:: GIVEN DATA ::

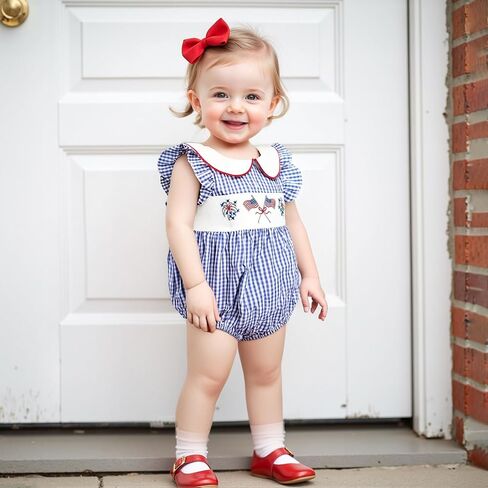 Karuedoo Infant Baby Girl 4th of July Outfit Embroidered Flag Ruffle Sleeveless Plaid Smocked Bubble Romper Patriotic Clothes in Saudi Arabia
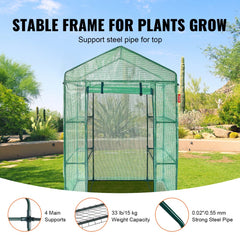 Walk-in greenhouse with PE cover, shelves, and roll-up zipper door for easy access.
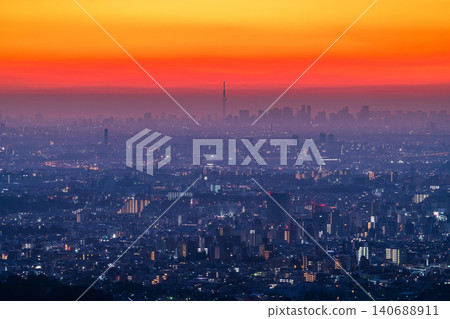 The Tokyo skyline bathed in the dawn light The Tokyo skyline bathed in the dawn light 140688911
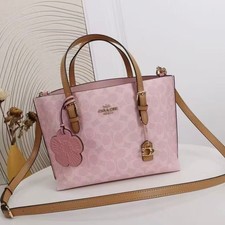 NEW CER24 Coach Mollie Tote Bag 25 In Signature Canvas With Charms Powder Pink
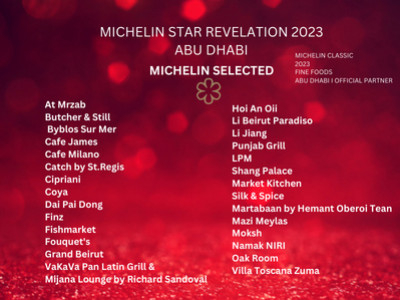 Michelin Star Revelation 2023- Abu dhabi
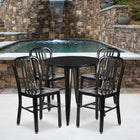 30'' Round Black Metal Indoor-Outdoor Table Set with 4 Vertical Slat Back Chairs [CH-51090TH-4-18VRT-BK-GG]-30"W x 30"D x 29.50"H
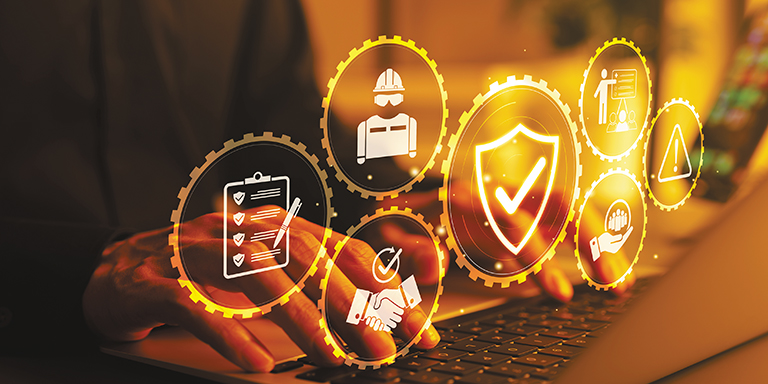 Concept of hands typing on a laptop with of icons work safety, compliance, security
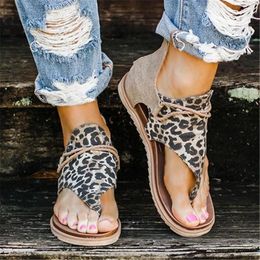 Sandals 2023 Summer Women Strap Women's Flats Open Toe Leopard Casual Shoes Rome Plus Size 36-43 Thong Sexy Ladies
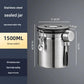 Silver 304 Stainless Steel Airtight Coffee Canister 1500ml Vacuum Seal Storage Jar with Date Tracker & Measuring Scoop for Coffee Beans Tea Storage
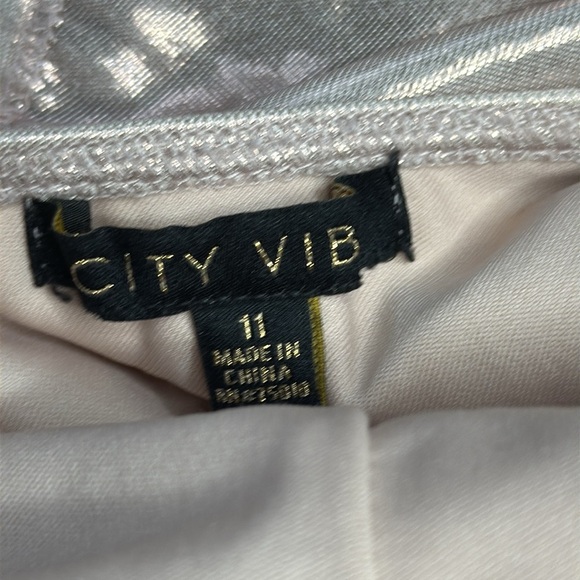 City Vibe | Asymmetrical Metallic Pale Pink Dress, Size 11 NWT - Picture 7 of 9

:::

§ AIM OF THE EXERCISE
Please give again the entries word for word, starting at the first line and ending with the line that contains "Michelin Star Revelation 2023- Abu dhabi"; include both of those lines but none of the pictures.

§ REPLY
 Karuedoo Infant Baby Girl 4th of July Outfit Embroidered Flag Ruffle Sleeveless Plaid Smocked Bubble Romper Patriotic Clothes in Saudi Arabia
 Walk-in greenhouse with PE cover, shelves, and roll-up zipper door for easy access.
 The Tokyo skyline bathed in the dawn light The Tokyo skyline bathed in the dawn light 140688911
 NEW CER24 Coach Mollie Tote Bag 25 In Signature Canvas With Charms Powder Pink
 Michelin Star Revelation 2023- Abu dhabi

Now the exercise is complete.